I had pre booked a hotel in Tunis and barely made the 12 km trip before reception closed for the night. In fact the guy had been waiting for me to arrive so he could go home.
The next day I went in search of a bike shop that could help me with the repairs. On route I passed a cop on a BMW RT so I pulled him over and asked him where his mechanic was. After five minutes of him trying to explain where it was in French he gave up and told me to follow him. So off we went at speed cruising through red lights. The shop was closed when we got there because it was a public holiday so there was nothing I could do except tackles the repairs myself.
I managed to get some gear oil, drain and refill the final drive. I then went for a test ride of about 40 km to Cartage to see the Roman ruins. It’s still leaking but at least I knew there’s enough oil in it for a while. The ruins were in ruins, not too much to see.
The next morning was spent going from garage to garage to see if anyone could help but no one was able. I kept getting the same response”go to Motoradd BMW”. No worries but the next one is in Cairo Egypt. I eventually gave up and went and sourced generic parts from a few shops. Thanks Adrian for your advice. My Botch job seems to be working so I just drove on out on to the desert highway and headed south.

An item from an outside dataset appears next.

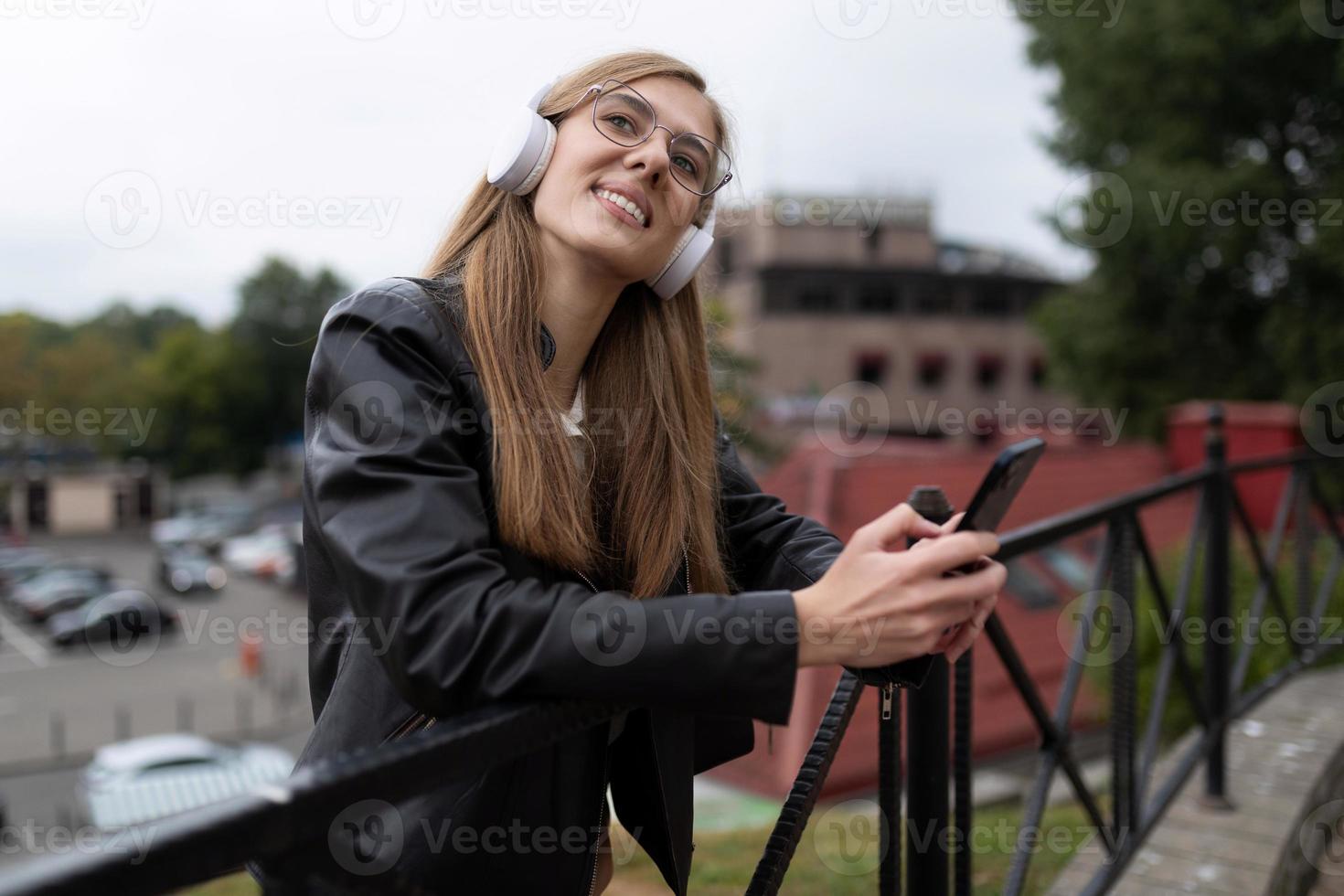 una joven hermosa con auriculares escucha música con un teléfono en las manos mira soñadoramente hacia arriba foto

I stopped overnight on route in a town called Matamata in the mountains of Tunisia. The people here live in great big holes in the ground. It’s an amazing place. They first dig a hole about 2 stories deep, they vary in dimensions but you get the idea. Then they’ll dig a passageway with steps down to the footing. Afterwards passages are dug into the sides of these holes forming rooms that they use for bedrooms, kitchens, bathrooms etc. On route I stopped to have a look at one of these places an old lad came out and invited me in for some bread and tea. I sat there with him for about an hour while he explained how he built the place. He initially spent 2 years building his home but extended whenever he needed to. The rooms are all carpeted and whitewashed and they remain at nice temperature throughout the year.
The next day I went and explored the nearby town of Matamata. George Lucas also filmed some star wars scenes here back in the day; the giant hole used for the movie is now a hotel and you can spend the night. From here it was off through the mountains, through some magnificent scenery and twisty roads for about 50 km before I was back on the main road and bound for the Libyan border.